Source data section start

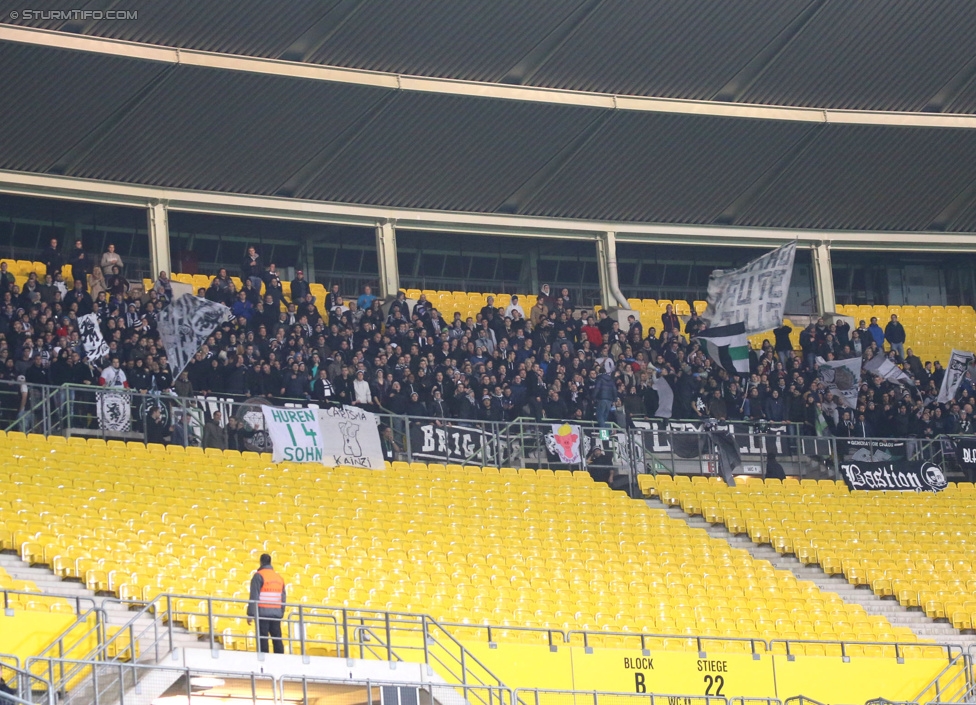 Rapid Wien - Sturm Graz
OEFB Cup, Achtelfinale, SK Rapid Wien - SK Sturm Graz, Ernst-Happel-Stadion Wien, 29.10.2014. 

Foto zeigt Fans von Sturm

Source data section end

Start at the line with "OEFB Cup, Achtelfinale, SK". Give that line and every line after it again, word for word, through the last line above.

OEFB Cup, Achtelfinale, SK Rapid Wien - SK Sturm Graz, Ernst-Happel-Stadion Wien, 29.10.2014. 

Foto zeigt Fans von Sturm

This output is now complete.